Eduard Curca
University Alexandru Ioan Cuza, Iasi, Romania

In 2002 Bourgain and Brézis proved that given a vector field $v\in \mathcal{S}^{\prime }(\mathbb{R}^{d})\cap \dot{W}^{1,d}( \mathbb{R}^{d})$ there exists a vector field $u\in L^{\infty }(\mathbb{R} ^{d})\cap \dot{W}^{1,d}(\mathbb{R}^{d})$ such that $\operatorname{div}u=\operatorname{div}v$ . We prove several results of a similar nature in which we take into consideration the Fourier support of the solutions.
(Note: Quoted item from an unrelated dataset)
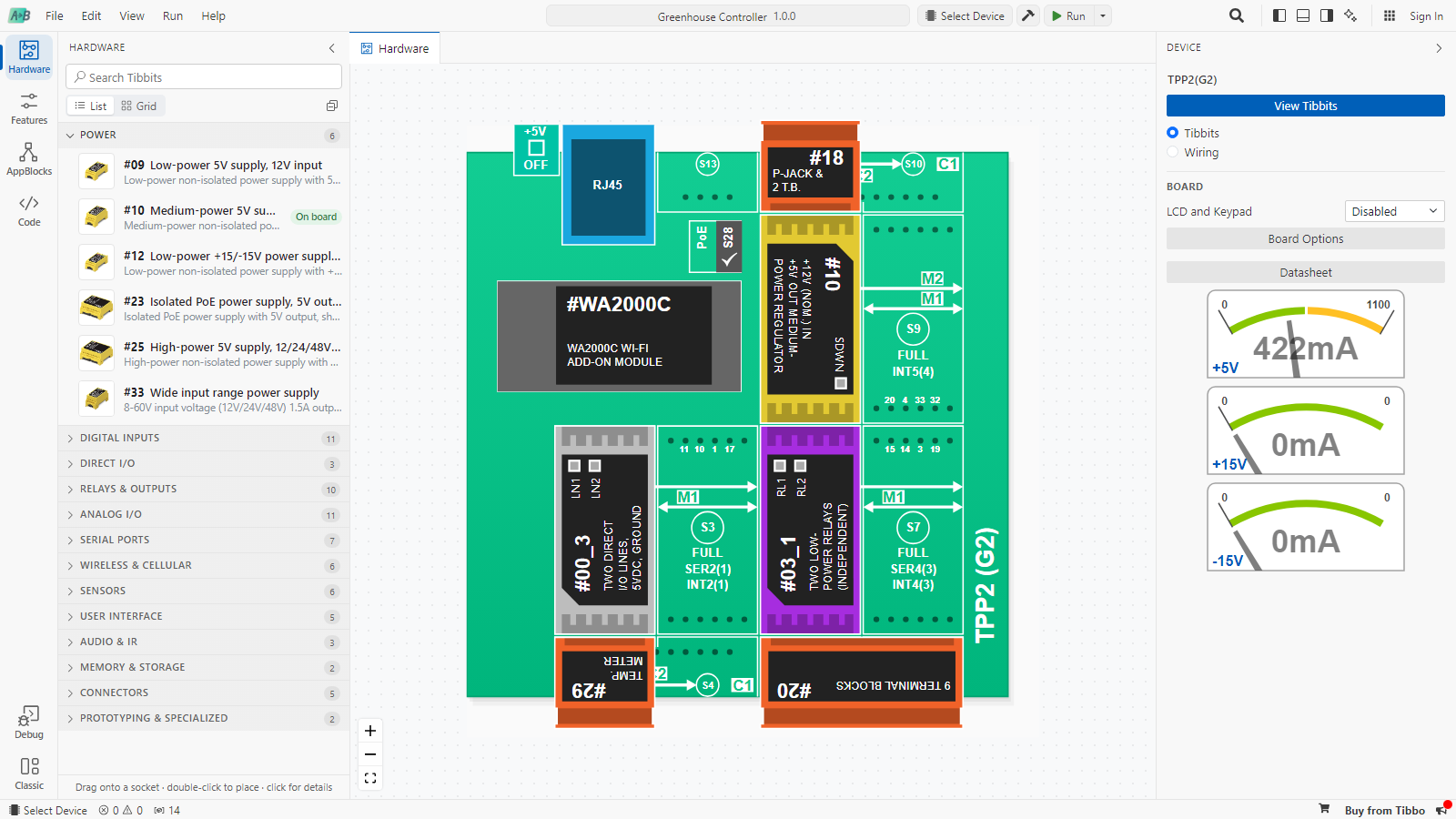 The Hardware step for a TPP2(G2). The Tibbit library is on the left, the board in the middle shows a power regulator, a Wi-Fi module, a relay Tibbit, a direct I/O Tibbit with a temperature meter and terminal blocks, and the Device sidebar on the right shows power meters for +5V, +15V and -15V.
For instance, in the case $d\geq 3$ we prove the following: for any vector field $v\in \mathcal{S} ^{\prime }(\mathbb{R}^{d})\cap \dot{B}_{q}^{d/p,p}(\mathbb{R}^{d})$ (where $ p\in \lbrack 2,\infty )$ and $q\in (1,2) $), with $supp$ $\widehat{v} \subseteq \mathbb{R}^{d}\backslash (-\infty ,0)^{d}$, there exists a vector field $u\in L^{\infty }(\mathbb{R}^{d})\cap \dot{B}_{2}^{d/p,p}(\mathbb{R} ^{d})$, with $supp$ $\widehat{v}\subseteq \mathbb{R}^{d}\backslash (-\infty ,0)^{d}$, such that \begin{equation*} \operatorname{div}u=\operatorname{div}v, \end{equation*} and \begin{equation*} \left\Vert u\right\Vert _{L^{\infty }\cap \dot{B}_{2}^{d/p,p}}\lesssim \left\Vert v\right\Vert _{\dot{B}_{q}^{d/p,p}}. \end{equation*} Our arguments rely on a version of the complex interpolation method combined with some ideas of Bourgain and Brézis.